Si ribadiscono inoltre numerose criticità da noi sollevate in questi anni: “mancata riconciliazione” di debiti-crediti tra Regione e partecipate per quasi 12,5 milioni di euro e “Umbria TPL Mobilità Spa”  su cui “rimangono aspetti problematici e preoccupanti”.
Ma è soprattutto “Sviluppumbria”, assieme a poche partecipate di altre Regioni, a sollevare criticità per la “diffusa resistenza a chiarire in modo puntuale ed esaustivo i motivi che sorreggono le proprie scelte di mantenimento di talune partecipazioni che presentano profili 
problematici ovvero a giustificare l’assenza di misure di razionalizzazione o di interventi diretti al contenimento dei costi di funzionamento degli organismi partecipati ... non si registrano 
sostanziali progressi nel garantirne un maggior controllo o nel superare i dubbi circa la compatibilità dei caratteri dell’in house providing con attività di tipo prettamente finanziario. Al contrario, è emersa la tendenza ad allargare l’ambito di intervento di tali società, le quali, 
oltre alle funzioni di consulenza e di promozione finanziaria, assumono sempre più le funzioni di “gestore” del complesso dei fondi pubblici assegnati alla Regione (esprimendo e attuando scelte strategiche proprie con riferimento anche a fondi europei)”.

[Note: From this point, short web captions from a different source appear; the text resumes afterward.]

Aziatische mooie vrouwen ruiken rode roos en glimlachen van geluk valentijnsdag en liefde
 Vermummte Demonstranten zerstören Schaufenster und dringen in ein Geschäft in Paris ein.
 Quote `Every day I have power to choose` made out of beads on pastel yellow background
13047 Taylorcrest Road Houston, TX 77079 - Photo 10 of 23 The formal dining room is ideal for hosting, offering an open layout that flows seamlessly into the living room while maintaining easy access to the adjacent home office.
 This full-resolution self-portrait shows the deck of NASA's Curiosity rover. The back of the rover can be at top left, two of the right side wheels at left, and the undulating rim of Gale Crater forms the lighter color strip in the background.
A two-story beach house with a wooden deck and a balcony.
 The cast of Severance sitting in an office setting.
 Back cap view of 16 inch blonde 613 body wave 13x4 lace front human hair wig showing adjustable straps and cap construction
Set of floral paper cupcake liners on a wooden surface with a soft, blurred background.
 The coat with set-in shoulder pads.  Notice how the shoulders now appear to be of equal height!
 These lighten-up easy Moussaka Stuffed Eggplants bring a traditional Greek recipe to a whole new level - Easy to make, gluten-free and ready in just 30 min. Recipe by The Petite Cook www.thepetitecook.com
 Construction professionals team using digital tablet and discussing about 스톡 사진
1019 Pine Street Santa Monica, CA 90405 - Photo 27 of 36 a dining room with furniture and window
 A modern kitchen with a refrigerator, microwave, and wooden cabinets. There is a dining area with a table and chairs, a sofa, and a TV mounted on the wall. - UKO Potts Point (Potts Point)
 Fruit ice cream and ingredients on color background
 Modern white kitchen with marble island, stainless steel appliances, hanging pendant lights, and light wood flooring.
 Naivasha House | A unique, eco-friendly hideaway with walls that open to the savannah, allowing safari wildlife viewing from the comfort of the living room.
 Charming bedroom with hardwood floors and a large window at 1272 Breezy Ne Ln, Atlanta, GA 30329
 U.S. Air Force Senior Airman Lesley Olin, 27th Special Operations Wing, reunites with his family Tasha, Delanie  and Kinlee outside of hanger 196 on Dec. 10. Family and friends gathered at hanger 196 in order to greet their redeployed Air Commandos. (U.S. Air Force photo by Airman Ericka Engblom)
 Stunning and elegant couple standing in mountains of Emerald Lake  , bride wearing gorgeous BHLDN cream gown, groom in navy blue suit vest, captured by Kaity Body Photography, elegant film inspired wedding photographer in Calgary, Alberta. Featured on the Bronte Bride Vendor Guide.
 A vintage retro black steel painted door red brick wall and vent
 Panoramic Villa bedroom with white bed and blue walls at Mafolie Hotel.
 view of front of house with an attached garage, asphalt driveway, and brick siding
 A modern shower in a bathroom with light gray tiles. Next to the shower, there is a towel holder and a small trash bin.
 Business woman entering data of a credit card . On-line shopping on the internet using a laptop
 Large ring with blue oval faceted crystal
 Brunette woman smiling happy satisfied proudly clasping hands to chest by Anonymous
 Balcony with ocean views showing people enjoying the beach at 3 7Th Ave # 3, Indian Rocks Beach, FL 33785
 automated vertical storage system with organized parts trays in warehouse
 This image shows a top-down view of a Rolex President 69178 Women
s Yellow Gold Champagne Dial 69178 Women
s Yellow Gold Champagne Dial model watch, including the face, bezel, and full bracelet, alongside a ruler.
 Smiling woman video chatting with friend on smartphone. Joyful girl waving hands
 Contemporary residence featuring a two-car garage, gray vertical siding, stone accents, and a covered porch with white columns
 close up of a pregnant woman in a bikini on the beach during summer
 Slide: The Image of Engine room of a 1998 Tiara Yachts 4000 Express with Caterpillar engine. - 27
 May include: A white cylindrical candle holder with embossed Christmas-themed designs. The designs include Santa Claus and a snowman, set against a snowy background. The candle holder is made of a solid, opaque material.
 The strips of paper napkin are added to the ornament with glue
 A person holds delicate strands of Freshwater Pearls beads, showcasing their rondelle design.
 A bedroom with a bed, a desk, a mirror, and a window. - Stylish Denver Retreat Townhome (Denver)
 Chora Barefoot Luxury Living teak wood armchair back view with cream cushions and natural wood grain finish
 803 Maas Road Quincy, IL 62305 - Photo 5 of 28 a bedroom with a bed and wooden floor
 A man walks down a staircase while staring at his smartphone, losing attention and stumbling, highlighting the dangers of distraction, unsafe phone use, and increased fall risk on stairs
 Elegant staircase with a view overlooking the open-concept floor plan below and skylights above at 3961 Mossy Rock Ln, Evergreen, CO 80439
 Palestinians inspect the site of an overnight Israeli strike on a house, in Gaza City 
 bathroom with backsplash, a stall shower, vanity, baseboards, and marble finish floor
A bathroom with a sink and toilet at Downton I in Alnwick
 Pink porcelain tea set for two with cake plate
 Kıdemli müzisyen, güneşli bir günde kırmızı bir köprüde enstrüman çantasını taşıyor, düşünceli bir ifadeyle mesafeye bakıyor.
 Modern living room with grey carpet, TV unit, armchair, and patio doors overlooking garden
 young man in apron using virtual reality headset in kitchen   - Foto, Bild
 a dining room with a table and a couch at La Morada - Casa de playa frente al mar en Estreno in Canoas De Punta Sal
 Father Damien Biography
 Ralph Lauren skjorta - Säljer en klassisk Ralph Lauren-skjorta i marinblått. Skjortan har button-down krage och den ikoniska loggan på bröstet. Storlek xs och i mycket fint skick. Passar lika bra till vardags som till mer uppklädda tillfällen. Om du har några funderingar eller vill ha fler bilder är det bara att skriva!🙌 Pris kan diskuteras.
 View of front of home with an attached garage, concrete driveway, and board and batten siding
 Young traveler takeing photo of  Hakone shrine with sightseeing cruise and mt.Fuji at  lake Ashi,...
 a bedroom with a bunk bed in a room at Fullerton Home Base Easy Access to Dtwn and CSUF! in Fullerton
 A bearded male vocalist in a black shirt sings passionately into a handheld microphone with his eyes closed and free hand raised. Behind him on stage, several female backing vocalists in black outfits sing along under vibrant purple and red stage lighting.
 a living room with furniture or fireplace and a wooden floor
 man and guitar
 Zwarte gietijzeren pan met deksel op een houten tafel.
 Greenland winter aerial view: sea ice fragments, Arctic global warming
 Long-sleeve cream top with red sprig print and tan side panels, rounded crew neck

Leggendo queste parole torna in mente quanto da noi segnalato in questi quattro anni su: progetti esotici di “cooperazione internazionale” (“Camera arbitrale palestinese” e “Brasil Proximo”); numerose consulenze (con alcuni nomi noti); enti privati “assorbiti” con relativo personale; i consorzi di sviluppo (TNS e Crescendo); l’ aeroporto e tanto altro.
Sviluppumbria, pur con un grande potenziale di risorse economiche e di competenze umane, sembra ostaggio di un uso politico strumentale più che del reale sviluppo regionale. Infatti, nonostante i risultati disastrosi della nostra economia, lo stipendificio regionale, con le sue lucrose poltrone, prosegue come sempre, mentre giovani e meno giovani, competenti e meritevoli, sono costretti ad abbandonare l’Umbria.